MobyDQ is a tool for data engineering teams to automate data quality checks on their data pipeline, capture data quality issues and trigger alerts in case of anomaly, regardless of the data sources they use.

Data Pipeline

This tool has been inspired by an internal project developed at Ubisoft Entertainment in order to measure and improve the data quality of its Enterprise Data Platform. However, this open source version has been reworked to improve its design and remove technical dependencies with commercial software.

Getting Started

Skip the bla bla and run your data quality indicators by following the Getting Started page.

Measuring Data Quality

A considerable amount of data quality research involves investigating and describing various categories of desirable attributes of data. These dimensions commonly include accuracy, correctness, currency, completeness and relevance.
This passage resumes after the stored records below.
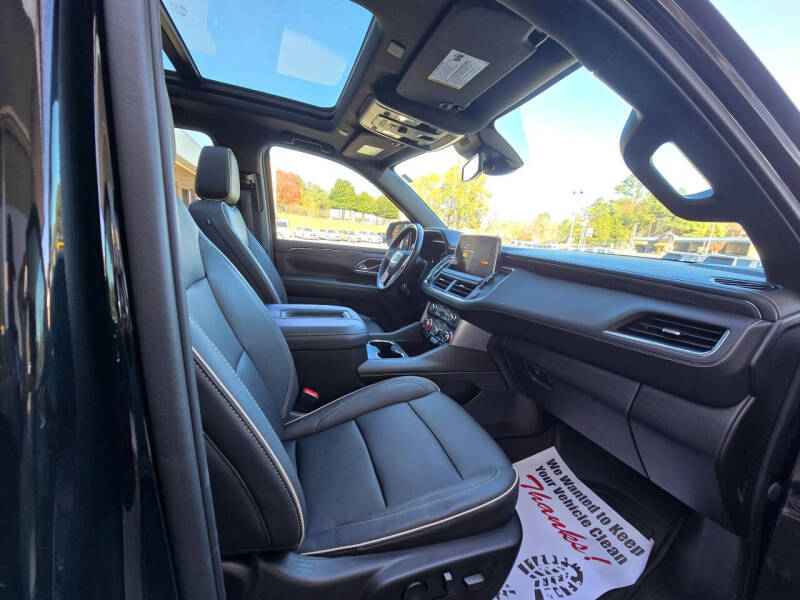 2023 GMC Yukon XL SLT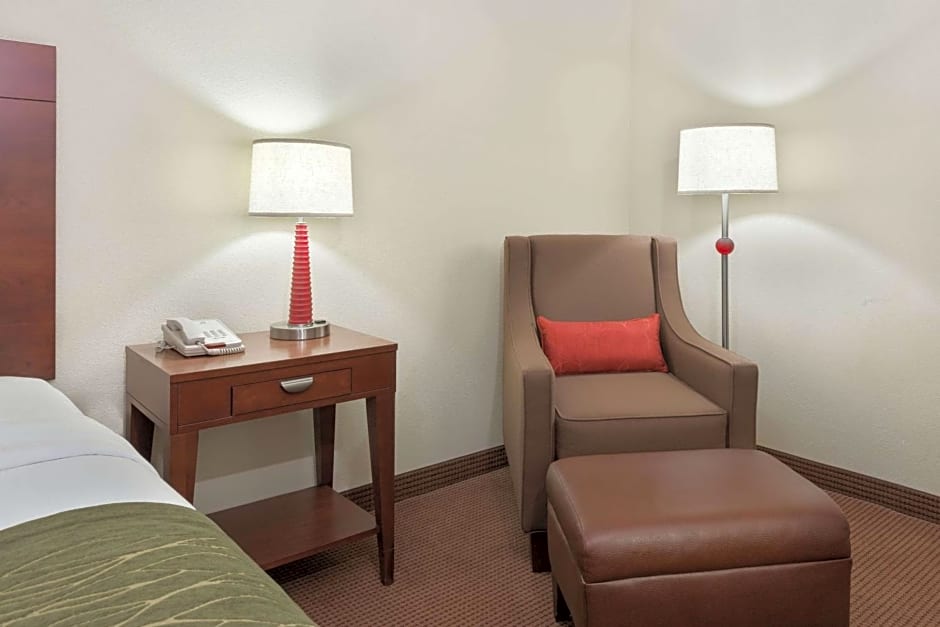 Comfort Inn Fayetteville near Fort Bragg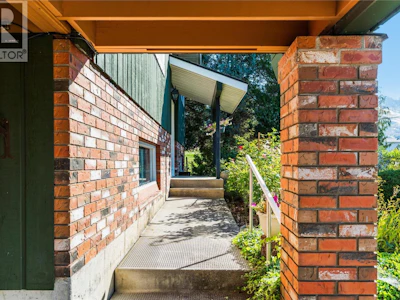 583 Mcleish Road - 3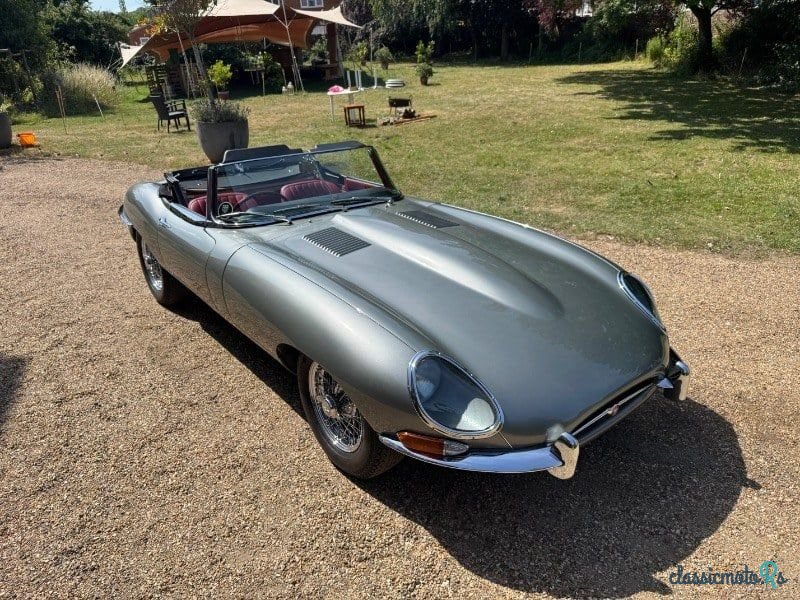 1967' Jaguar E-Type photo #5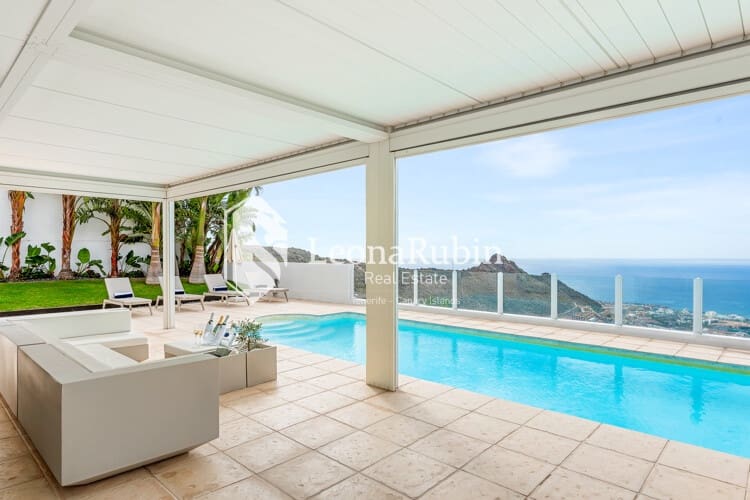 4 soverom Villa til salgs i Roque del Conde med svømmebasseng - € 2 395 000 (Ref: 6791599)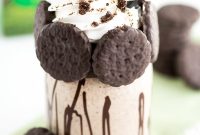 Thin Mint Freakshake Recipe: Mint Chocolate Cookie Milkshake Treat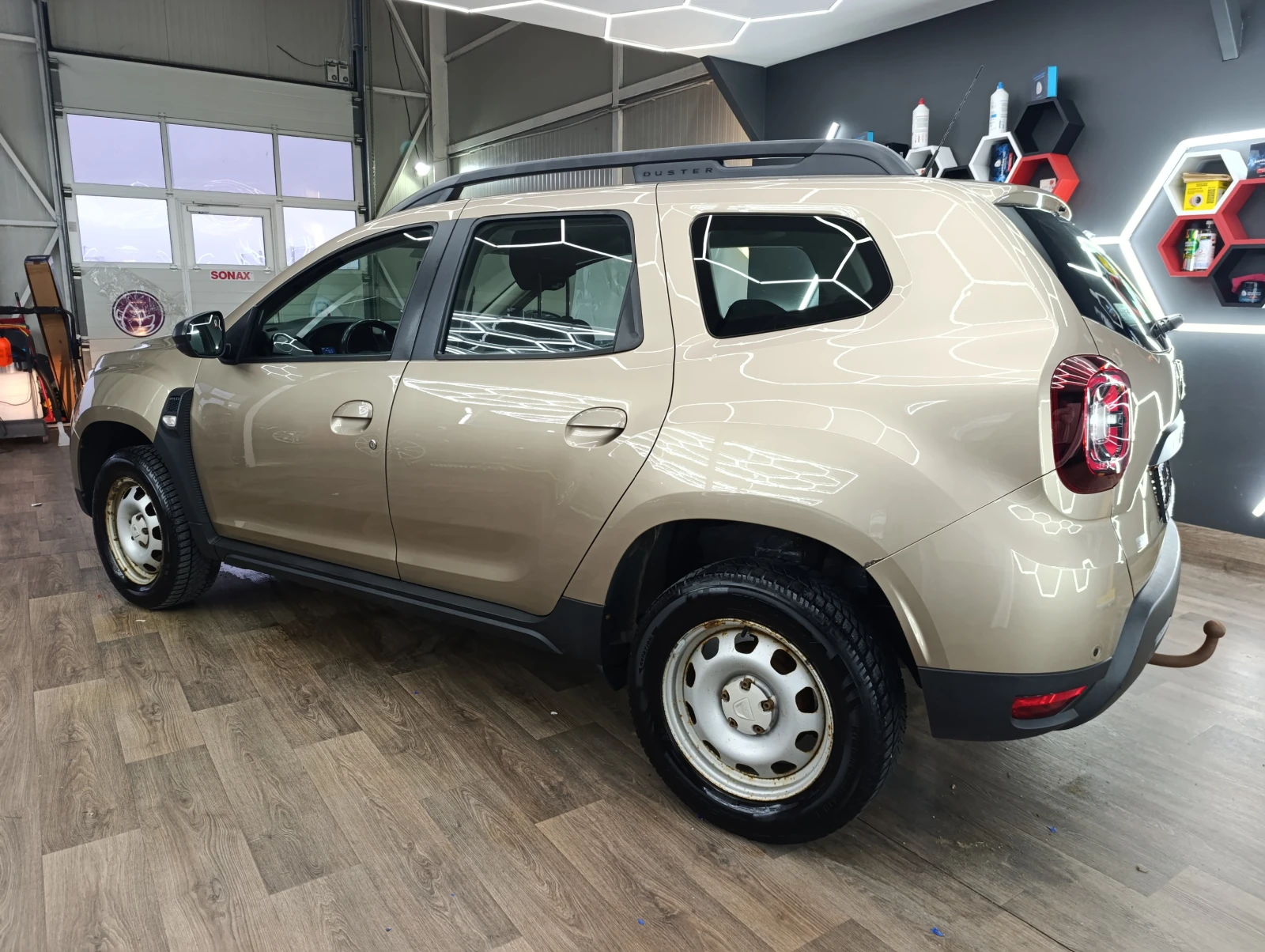 Dacia Duster 1.5 dci 115 4x4, снимка 6 - Автомобили и джипове - 54004359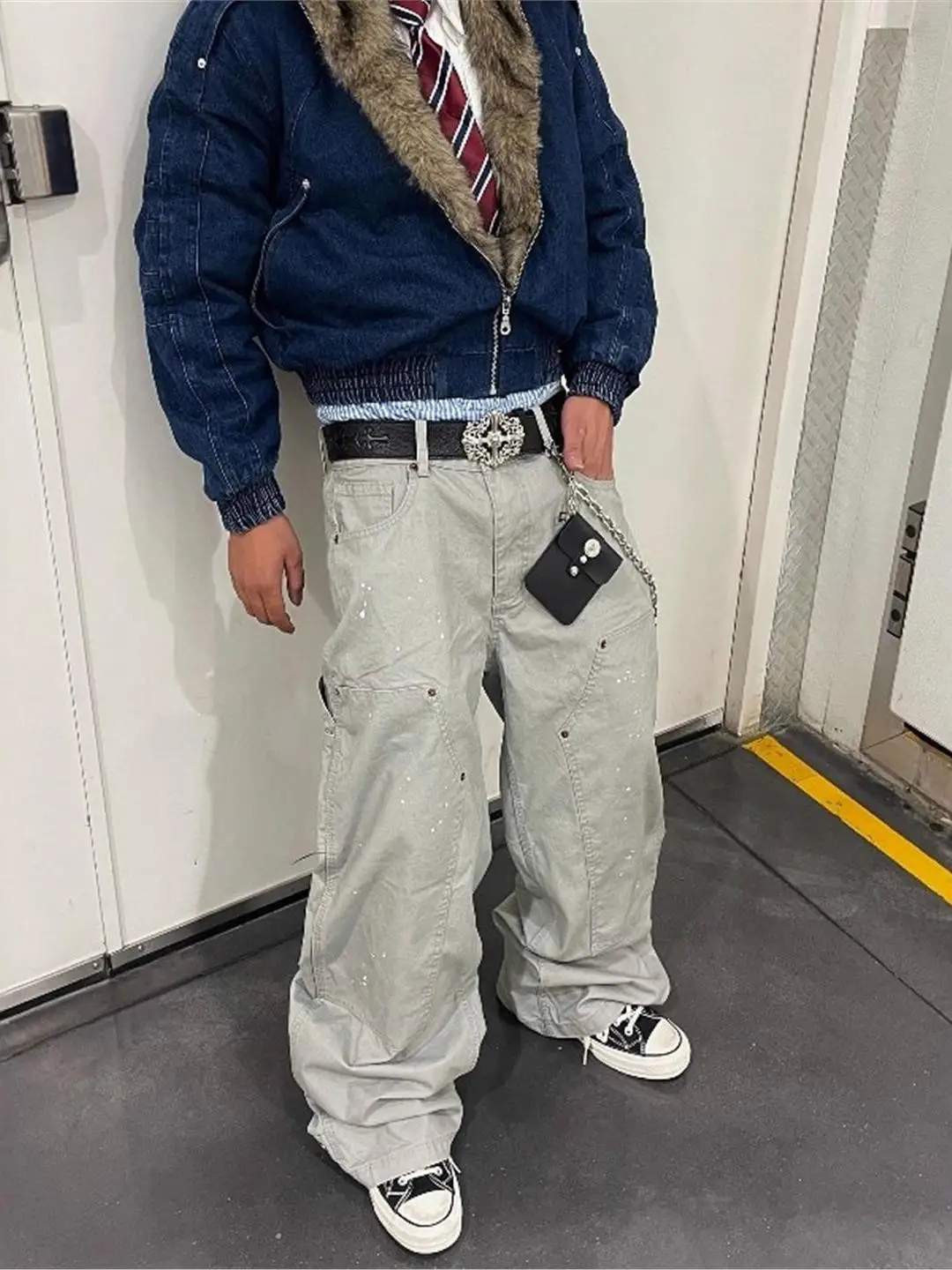 

Мужские джинсы в стиле ретро, американские уличные, свободные рабочие брюки, окрашенные, повседневные, модные, прямого кроя, от бренда High Street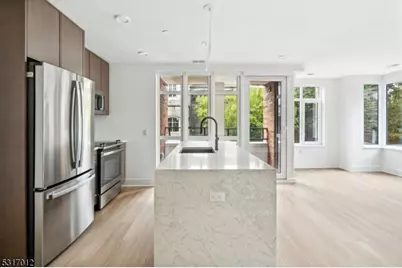 14 Lincoln Pl #208, Madison, NJ 07940 - Photo 1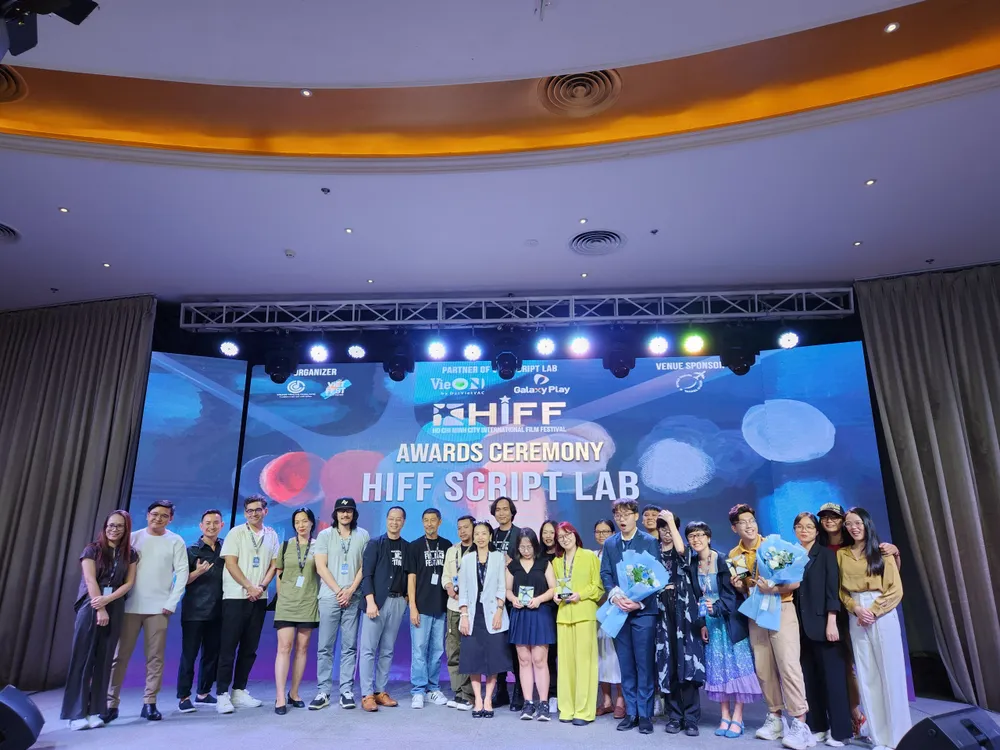 trao giai cho du an 8.jpg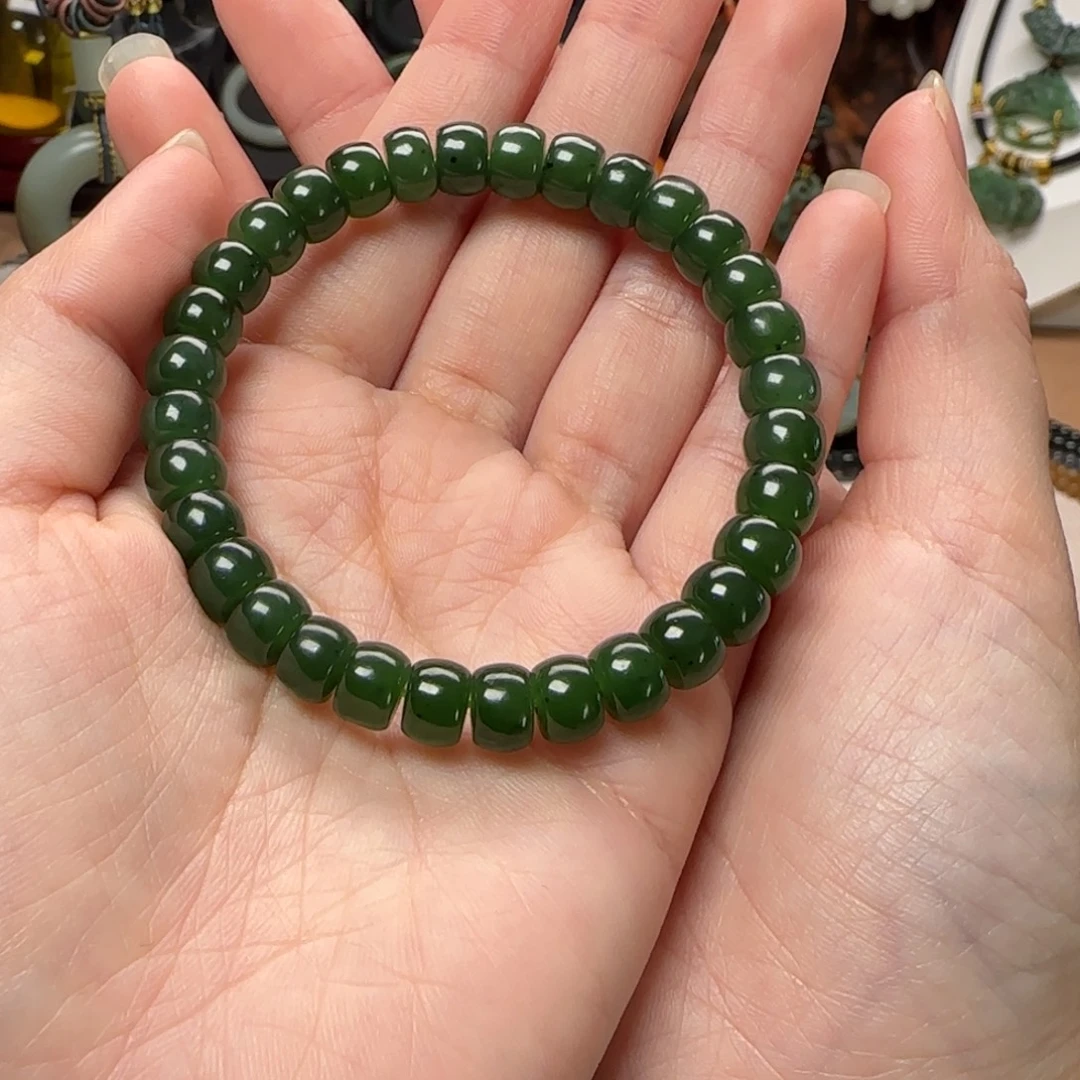 开***果和田玉未镶嵌颈饰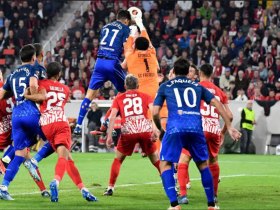 西汉姆联客场2:1击败弗赖堡，阿格尔德成为第5位摩洛哥球员在欧洲正赛进球的英格兰球队球员
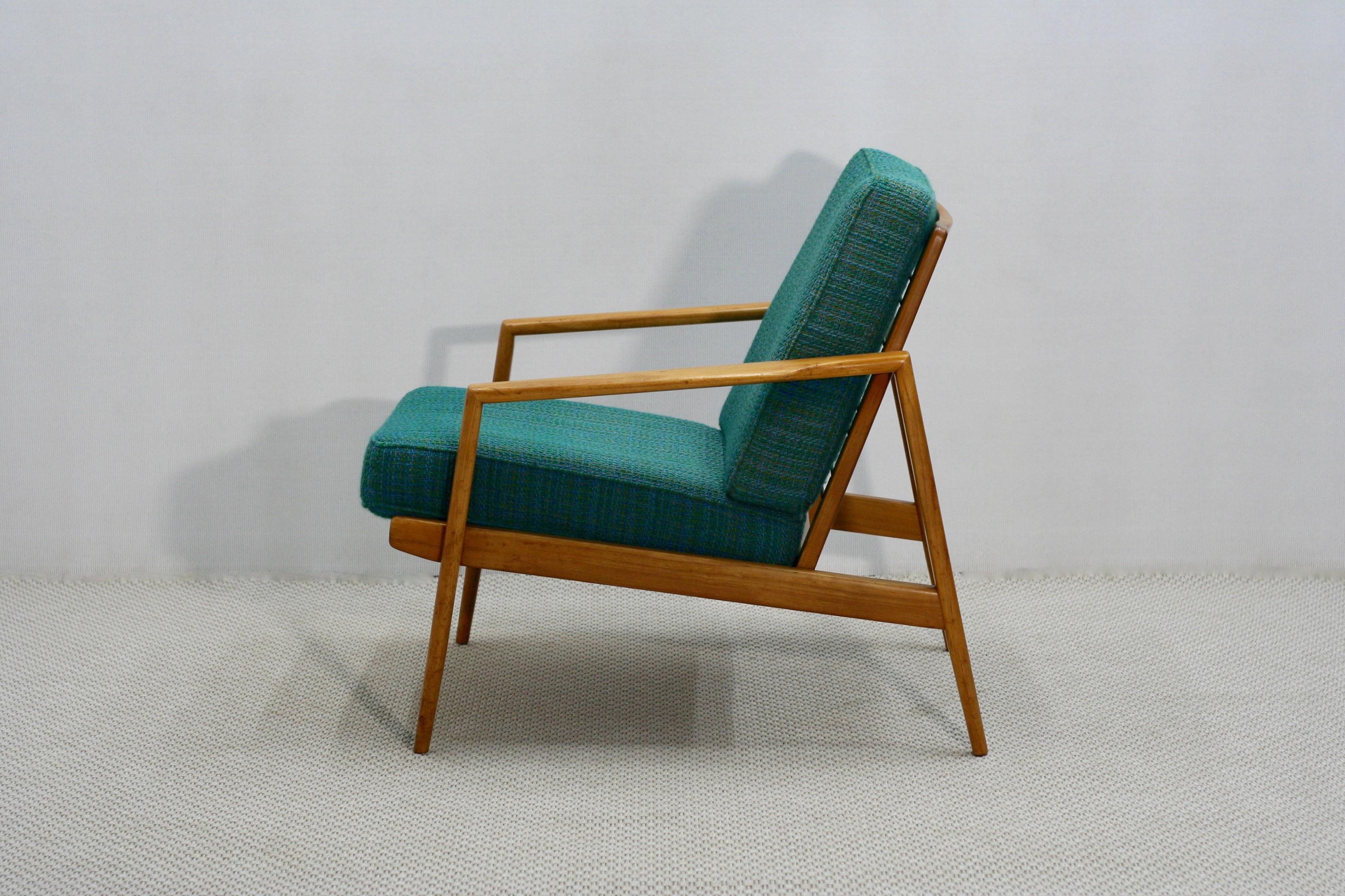 Set of Two Midcentury German Beech Wood Lounge Chairs from Knoll Antimott For Sale 6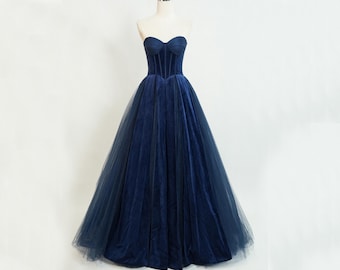 Marineblaues Abendkleid, langes Abendkleid mit trägerlosem Sweetheart Ausschnitt, A-Linie Ballkleider, farbiges Hochzeitskleid, formelle Abendkleider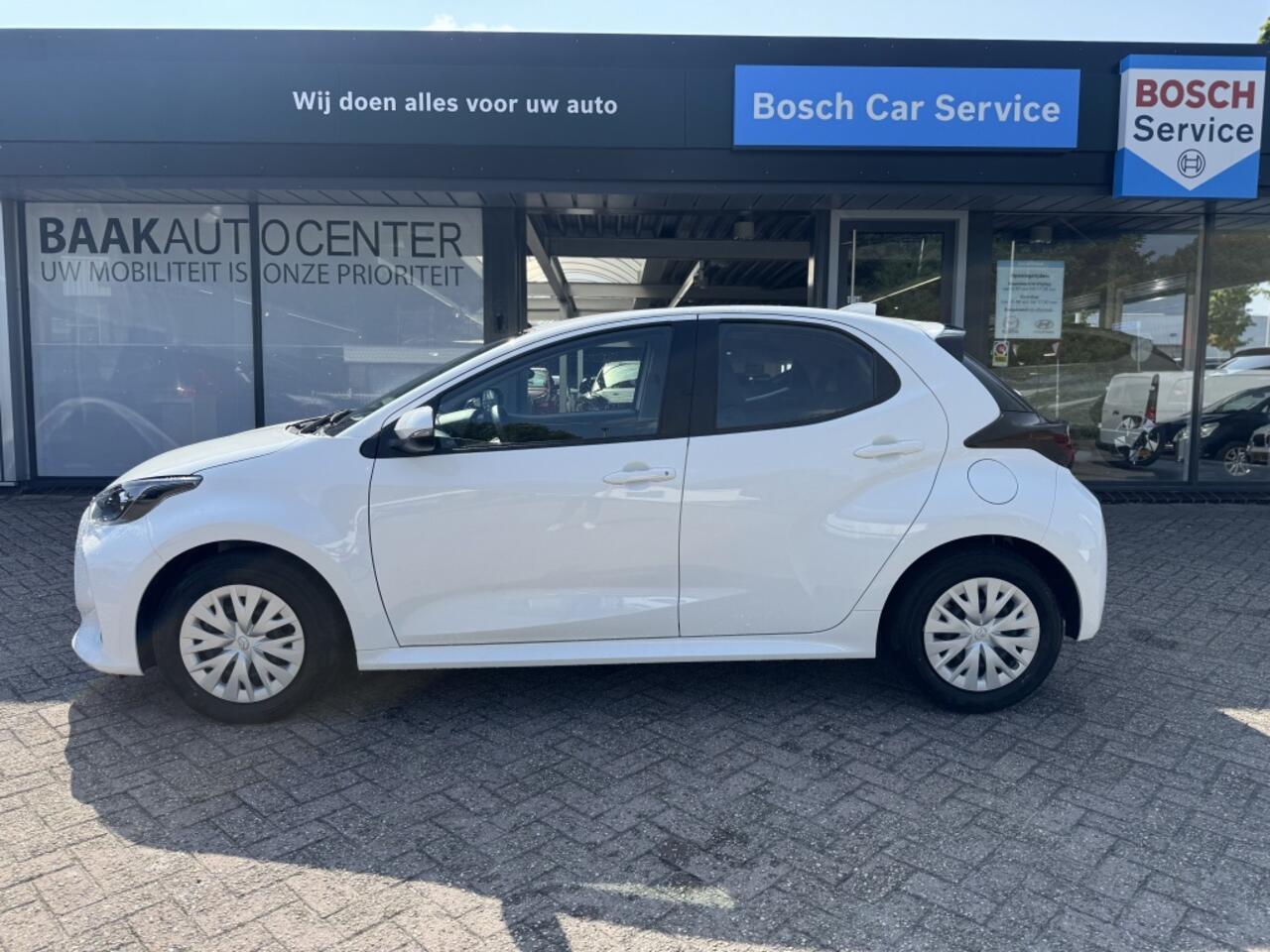 Toyota YARIS 1.5 Hyb. 115 Active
Nearly 200 such terms have been identified and there is little agreement in their nature [...] source: Wikipedia

Taking this lack of consensus into account, MobyDQ provides a toolbox for data engineering teams to design data quality indicators with the objective to answer the following questions:

  • Is all the necessary data present in the system?
  • Is the data available at the time needed for its usage?
  • Is the data compliant with validation or business rules?
  • Does the data reflect real world objects?

These questions can be answered using the following types of indicators:

Indicator Type Description
Anomaly detection Machine learning algorithms to detect outlying values. **Work in progress**.
Completeness Difference in percentage between a measure computed in the source system and the same measure computed in the target system.
Freshness Difference in minutes between the current timestamp and the last updated timestamp in the target system.
Latency Difference in minutes between the last updated timestamp in the source system and the last updated timestamp in the target system.
Validity Any measure computed in target system which does not comply with a validation or business rules.